FE: „Das war als Dr. Wolfgang Porsche mir 2015 nach dem ersten Gesamtsieg in Le Mans die Hände auf die Schultern legte und sagte: ‚Jetzt ist es wieder so wie früher bei Porsche.' Diese Einordnung in die erfolgreichsten Zeiten von Porsche, hat mir viel bedeutet. Dieser erste Le-Mans-Sieg war auf jeden Fall der schönste, weil er so überzeugend war. Wir waren erst in unserer zweiten Saison und derart souverän. Beim zweiten und dritten Sieg waren es spezielle Situationen. Da hatte ich mich innerlich jeweils schon darauf vorbereitet, dass es vielleicht nicht klappt.“AS: „Für mich auch ganz klar die 24 Stunden 2015. Das war in der Vorbereitung und während dieser zwei Le-Mans-Wochen die größte Operation, bei der ich je dabei war und die ich in dem Fall zu leiten hatte. Der Einsatz dieser drei Autos und die Koordination der kompletten Mannschaft im Renneinsatz war jenseits von allem, was ich zuvor gemacht hatte. Dabei aus eigener Kraft mit drei Autos ohne technische Probleme durchzufahren, einen Doppelsieg zu erreichen und in Sachen Boxenstopps die neue Referenz zu werden – das war nahe an der Perfektion und so, wie ich mir einen Renneinsatz vorstelle. Noch dazu war es für uns als Team eben dieser einzigartige Moment, für Porsche den ersehnten Gesamtsieg zu holen. Dafür hatten wir hart gekämpft und damit konnten wir die Erwartungen erfüllen.“
Was war für Sie die kritischste Phase des Programms?
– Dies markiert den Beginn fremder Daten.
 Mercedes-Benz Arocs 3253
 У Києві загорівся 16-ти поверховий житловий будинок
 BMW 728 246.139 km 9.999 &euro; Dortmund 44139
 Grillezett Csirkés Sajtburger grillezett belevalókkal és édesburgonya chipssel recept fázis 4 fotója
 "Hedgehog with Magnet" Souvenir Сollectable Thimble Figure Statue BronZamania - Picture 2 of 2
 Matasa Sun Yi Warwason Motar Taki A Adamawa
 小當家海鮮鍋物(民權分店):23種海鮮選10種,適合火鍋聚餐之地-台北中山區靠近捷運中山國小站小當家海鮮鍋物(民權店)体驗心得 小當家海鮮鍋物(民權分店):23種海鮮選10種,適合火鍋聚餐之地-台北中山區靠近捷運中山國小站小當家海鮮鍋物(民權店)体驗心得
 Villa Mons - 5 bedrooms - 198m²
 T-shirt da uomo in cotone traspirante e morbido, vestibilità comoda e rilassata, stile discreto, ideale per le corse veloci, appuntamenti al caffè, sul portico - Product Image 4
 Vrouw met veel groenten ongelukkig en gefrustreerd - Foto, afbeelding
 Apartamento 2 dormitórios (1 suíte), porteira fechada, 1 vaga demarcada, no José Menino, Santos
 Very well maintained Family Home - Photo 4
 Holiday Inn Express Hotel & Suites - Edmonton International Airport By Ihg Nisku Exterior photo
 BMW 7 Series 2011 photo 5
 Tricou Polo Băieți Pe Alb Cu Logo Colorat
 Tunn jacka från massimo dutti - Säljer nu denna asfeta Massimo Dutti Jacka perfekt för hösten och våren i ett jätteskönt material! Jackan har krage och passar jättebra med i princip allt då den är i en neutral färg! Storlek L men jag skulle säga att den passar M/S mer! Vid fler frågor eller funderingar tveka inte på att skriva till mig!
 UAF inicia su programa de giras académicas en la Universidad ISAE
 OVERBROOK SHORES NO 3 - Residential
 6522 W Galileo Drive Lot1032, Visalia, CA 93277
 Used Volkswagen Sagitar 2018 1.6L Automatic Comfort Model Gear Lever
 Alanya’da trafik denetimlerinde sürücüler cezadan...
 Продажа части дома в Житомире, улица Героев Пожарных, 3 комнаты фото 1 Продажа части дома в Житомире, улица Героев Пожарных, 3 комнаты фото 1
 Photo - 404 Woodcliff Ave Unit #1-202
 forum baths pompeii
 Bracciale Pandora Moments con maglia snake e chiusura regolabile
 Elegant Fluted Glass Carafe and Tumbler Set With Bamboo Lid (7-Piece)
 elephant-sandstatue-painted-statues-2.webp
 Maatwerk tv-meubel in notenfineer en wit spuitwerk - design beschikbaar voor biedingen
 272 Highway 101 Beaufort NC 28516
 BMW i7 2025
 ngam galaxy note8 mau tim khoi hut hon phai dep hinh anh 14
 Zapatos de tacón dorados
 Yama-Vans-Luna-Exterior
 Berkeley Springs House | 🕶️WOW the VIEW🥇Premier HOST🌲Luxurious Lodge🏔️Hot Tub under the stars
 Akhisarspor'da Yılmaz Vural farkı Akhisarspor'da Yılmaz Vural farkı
FE: „So richtig kritisch war es in meinen Augen nie. Aber ich erinnere mich noch gut an unser viertes Rennen. 2014 in Austin lief es nicht gut. Wir waren nicht schnell genug, es gab einen Wolkenbruch und vor allem Leistungsverlust bei einem Auto und deshalb keinen Podestplatz. Da habe ich verstanden, dass Porsche nicht sehr viel Übung darin besaß, hinter den Erwartungen zurückzubleiben. Aber letztlich haben wir doch alle gemeinsam unsere Entwicklungsphilosophie getragen: Im Zweifelsfall haben wir uns immer für das aggressivere Konzept entschieden mit dem Ziel, den 919 erst einmal schnell und anschließend standfest zu machen. Wenn das Auto das erste Mal durchfährt, dann ist es auch siegfähig – das war das Credo.“AS: „Für mich war eindeutig die Testphase vor unserem ersten Renneinsatz die kritischste Zeit. Wir hatten viele technische Probleme, da hat es richtig gebrannt. Wir waren ein neu zusammengewürfeltes Team und mussten uns erst einmal auf der zwischenmenschlichen Seite finden. Die Teamstruktur musste parallel zur Entwicklung eines hochkomplexen Fahrzeugs aufgebaut werden. Wir hatten null Referenz, wo wir im Vergleich zur Konkurrenz stehen, mit dem was wir tun. Es entstand innerhalb von Porsche eine gewisse Unruhe, weil wir keine Ergebnisse zu vermelden hatten. Manches sickerte nach draußen und es gab Stories, wie schlecht es bei uns ausschaut. Durch diese Die-kriegen-das-nie-hin-Stimmung als Team durchzumarschieren, war schwierig. Dabei haben wir auch Leute verloren, die nicht mehr dran geglaubt haben. Aber da gemeinsam durchzukommen, hat uns später zusammengeschweißt. Da wurden die Grundsteine gelegt, und die Schlüsselpositionen blieben zum Glück konstant.“
Wann lagen Ihre Nerven blank?
FE: „Das passiert bei mir einfach nicht, diesbezüglich hat mich die Natur gut ausgestattet. Je schwieriger sich eine Situation entwickelt, desto ruhiger werde ich. Das war schon immer so, und das ist auch gut so für das Umfeld. Wenn es brenzlig wird oder etwas schiefgeht, schauen natürlich viele, wie ich reagiere. Wenn ich dann ruhig bleibe, hilft das der Konzentration. Eine hektische Box mit aufgescheuchten Leuten finde ich ganz entsetzlich. Bei uns wurde nie rumgeschrien, und nutzlose Schuldzuweisungen haben wir schon in der ersten Entwicklungsphase ausgeräumt. Bei den frühen Tests kamen vom Verbrennungsmotor starke Vibrationen. Natürlich war das Fahrverhalten deshalb miserabel, aber die Jungs von der Fahrwerksentwicklung konnten nichts dazu. Die mussten damals von Aluminium auf Stahl umbauen, damit wir überhaupt fahren konnten. In dieser Zeit haben wir alle zwischenmenschlich viel gelernt und kapiert, dass wir Probleme eben gemeinsam lösen müssen, wenn wir vorankommen wollen.“AS: „Ich versuche, jedes Thema analytisch anzugehen und gemeinsam mit der Mannschaft Lösungen zu finden. Dass meine Nerven in diesem Projekt nie blank lagen, hat aber auch mit dem Glück zu tun, dass unser Programm eine kontinuierliche Erfolgsstory war.“
Wie oft haben Sie Freudentränen vergossen?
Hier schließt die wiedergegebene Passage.